Maggie
Es war in den frühen 80ern – wir lebten in einer tollen Zwischenzeit, ganz im Hier und Jetzt. Der Kindheit und der heiklen Phase der Pubertät entflohen lag die Welt der Erwachsenen noch weit am Horizont entfernt.
Maggie hieß eigentlich Margarete – bereits in den 80ern ein schrecklich veralteter Name. Eine Freundin führte sie in unserer Clique ein. Keiner mochte über die Äußerlichkeiten hinwegsehen und so kam es, dass sie am Rande saß. Sie trug wie wir alle geflickte Jeans aber ihr T-Shirt war verwaschen und löchrig. Nicht das sie arm war – aber ihre Eltern hielten sie kurz - wie wir früher dazu sagten.
Die Jungs redeten abfällig, weil sie eine ziemlich dicke Brille trug und roch. Glasbausteine allererster Güte – die beim Näherkommen die Augen unnatürlich vergrößerten... Unglücklicherweise hatte sie Zahnpflege und regelmäßiges Waschen Zuhause nicht gezeigt bekommen.
Fragt nicht – ich denke die anderen Mädchen halfen ihr nicht, weil sie sahen das sie den knackigsten Körperbau hatte und mit zwei, drei Kniffen an ihrem Erscheinungsbild alle in den Schatten stellen würde.
Wir kamen ins Quatschen und verstanden uns von der ersten Sekunde. Keine Ahnung – es war einfach ein vertrautes Miteinander, ganz unverstellt redeten wir über unsere Träume und Vorstellungen vom Leben – nicht wie ein Liebespaar sondern wie langjährige Freunde.
Später am Abend brachte ich sie Nachhause und sie spielte mir ihre Lieblingsmusik auf dem Kassettenrekorder vor, während sie sich aus der Jeans pellte und im Slip und Shirt unter die Bettdecke schlüpfte.
Ich legte mich hinzu und nahm ihren intensiven säuerlichen Körpergeruch deutlich wahr. Als sie über die bevorstehende Party redete und fragte ob sie wohl bei meinem Kumpel Karsten aus unserer Clique eine Chance hätte gestand ich ihr ganz unverblümt, dass halt allen auffällt das sie mit einem dicken Pelz auf den Zähnen rumläuft. Man riechen könne das sie sich nur selten duscht. Und dass die Jungs über ihre kaputten löchrigen Shirts heimlich lachten.
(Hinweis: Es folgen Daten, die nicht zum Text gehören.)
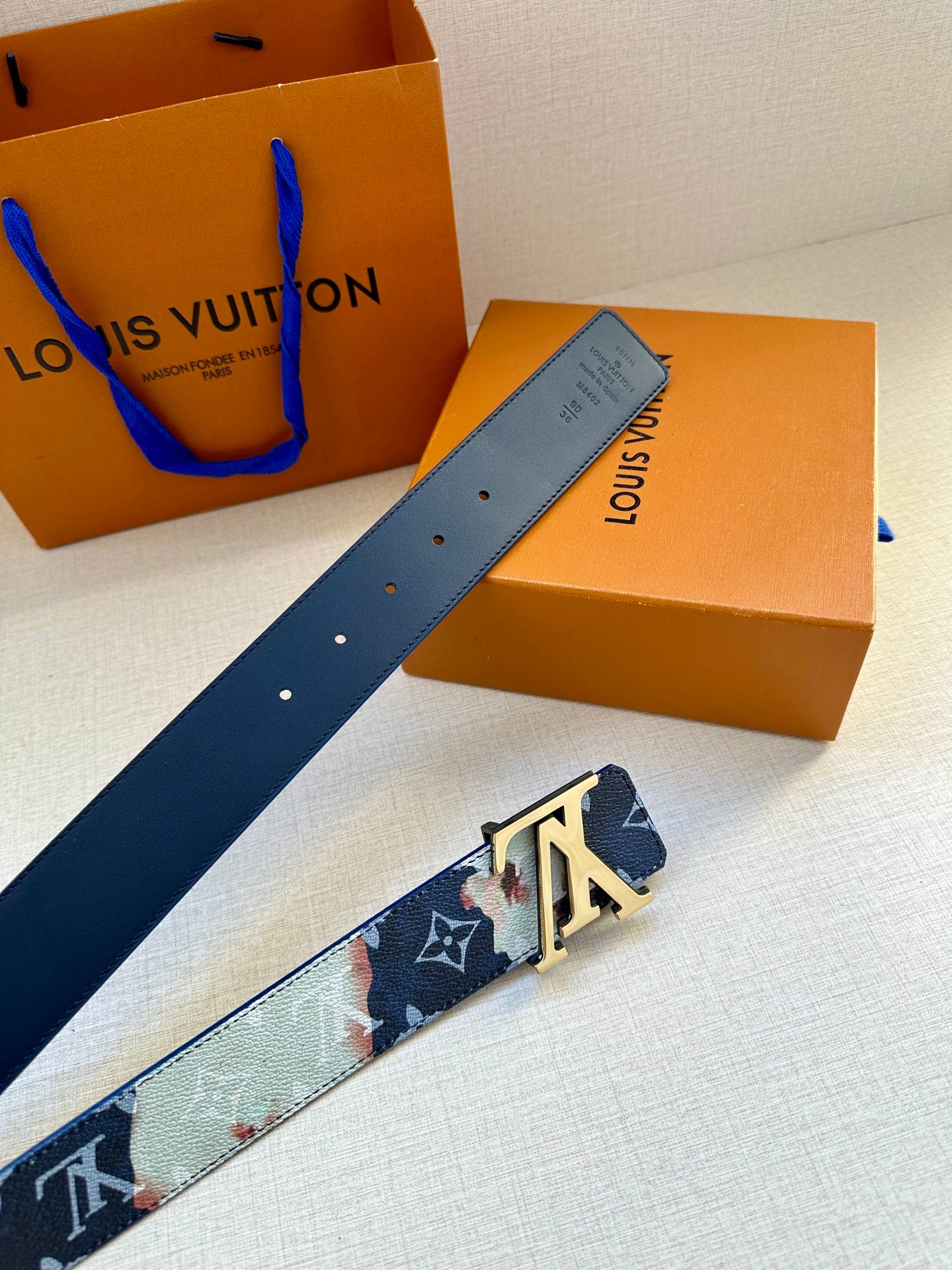 Louis Vuitton belt strap detail in navy, light blue, and floral prints with silver buckle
Das war gelogen – in Maggies Abwesenheit waren sie noch viel derber und lästerten übelst abwertend – wir Jungs können halt echte Arschlöcher sein...
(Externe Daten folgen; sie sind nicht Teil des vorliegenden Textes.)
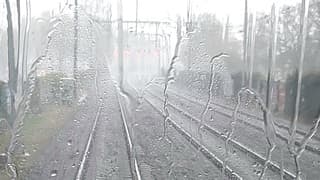 De regen stuift achter de trein in Tilburg 
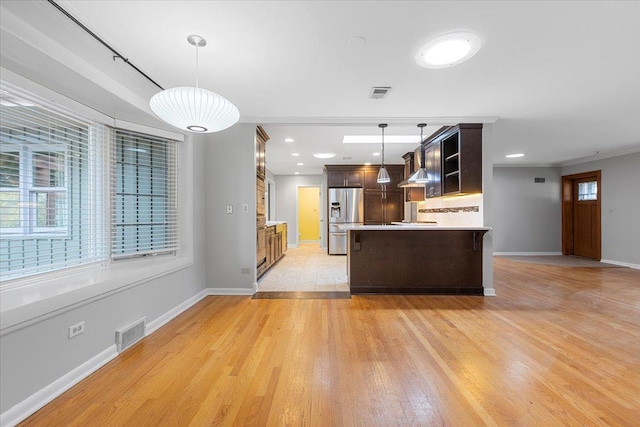 kitchen with stainless steel fridge, tasteful backsplash, dark brown cabinets, wall chimney range hood, and decorative light fixtures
Sie erstarrte kurz und bekam einen roten Kopf. Pragmatisch sagte ich ihr, das wenn sie sich regelmäßig vor dem Ausgehen duschen und die Zähne putzen würde und sich dazu ein neues Shirt besorgen würde, dass sich dann alle Jungs nach ihr umdrehen würden, weil sie vom Körperbau der heißeste Feger unserer Stadt sei. Nur müsse sie dann ihre Brille aufbehalten, weil sie sonst mit ihren strahlenden Augen alle blenden würde.
Letzteres war nicht geschmeichelt – ich verstand es damals nicht, warum niemand so einem lieben und fröhlichen Wesen wie Maggie nicht einfach die Wahrheit sagte. Sie war zwar schüchtern aber nicht dumm – ich sah keinen Grund sie nicht auf ihren blinden Fleck aufmerksam zu machen. Zum Glück waren wir von der ersten Sekunde so vertraut, dass ich mich leicht dabei tat, ihr zu gestehen was mir an ihr auffiel.
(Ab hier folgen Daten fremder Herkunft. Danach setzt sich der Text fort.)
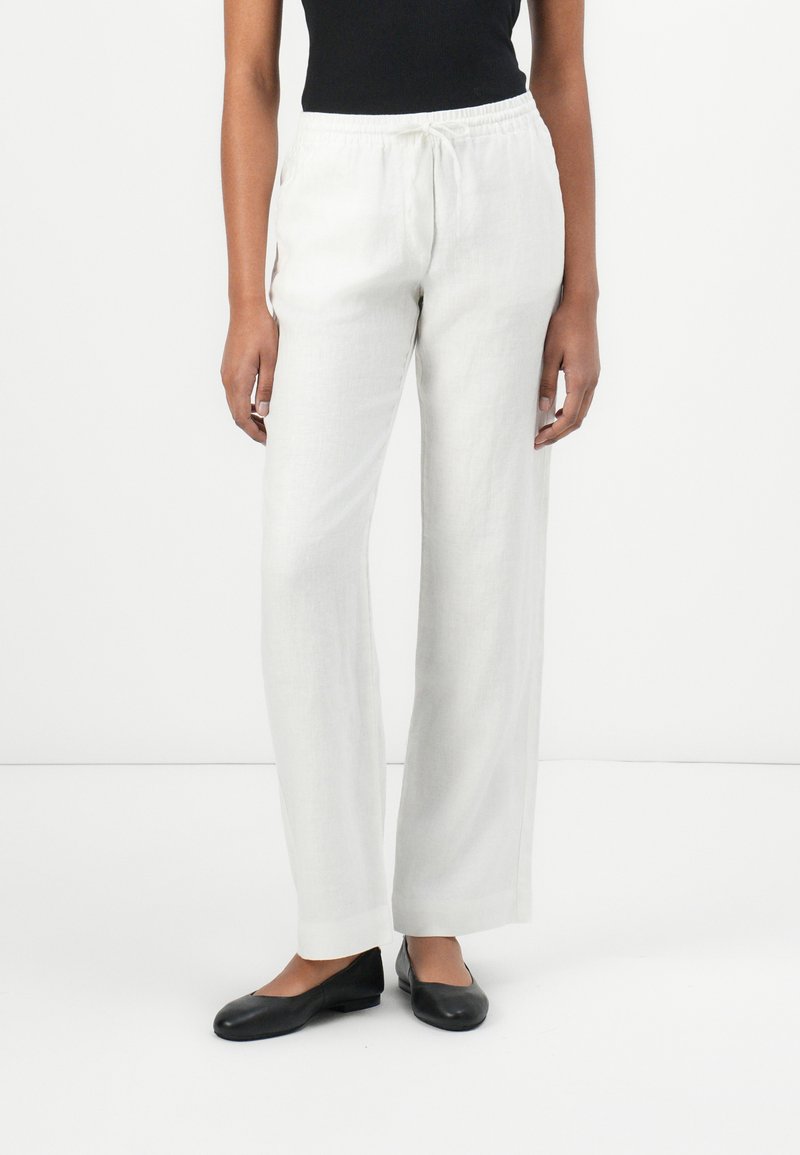 Light gray linen trousers with a relaxed fit, elastic waistband, and drawstring. Paired with black flat shoes. Smooth, textured fabric.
Zwei Tage später war ich bei ihr eingeladen. Ich parkte meinen Zweipedal-Tret-Chopper auf dem Rasen und klopfte an ihr Fenster. Der Coolnessfaktor gebot damals, dass man durch das Fenster eintrat, obwohl ihre Eltern nichts gegen männlichen Besuch hatten. Das was ich sah brachte mich dazu, am Fensterrahmen zu straucheln und mehr oder weniger hinein zu stolpern…
Vor mir stand Maggie in einer nagelneuen, hautengen Jeans und einer gut geschnittenen weißen Bluse. Aber was mich wirklich flashte, war ihr tolles Strahlen.
Sie erzählte mir das sie ihrer Mutter alles erzählt hatte, was ich ihr gesagt hatte, woraufhin ihre Mutter spontan ihre Handtasche holte und sie zusammen einkaufen gingen. Maggie zeigte mir voller Stolz ihre neue Jeansjacke und auch eine Sonnenbrille fehlte nicht. Sie wirkte zweifach frisch - sauber geduscht und wie neu geboren…
Ich weiß noch das ich in dem Moment meinen Freund Karsten beneidete und mich feige hinter meiner damaligen Lieblingsrolle als cooler einsamer Kumpelwolf versteckte.
Zwei Abende später auf der Party toppte sie ihr Erscheinungsbild noch einmal. Geht doch – ihre Freundin hatte sie geschminkt und die Haare gemacht. Sie lachte mich an und flüsterte „Sag niemanden das ich ohne Brille blind bin wie ein Maulwurf“. Ich lachte „Ist vielleicht auch besser so – dass Du nicht mitbekommst das alle Blicke auf Dich gerichtet sind“.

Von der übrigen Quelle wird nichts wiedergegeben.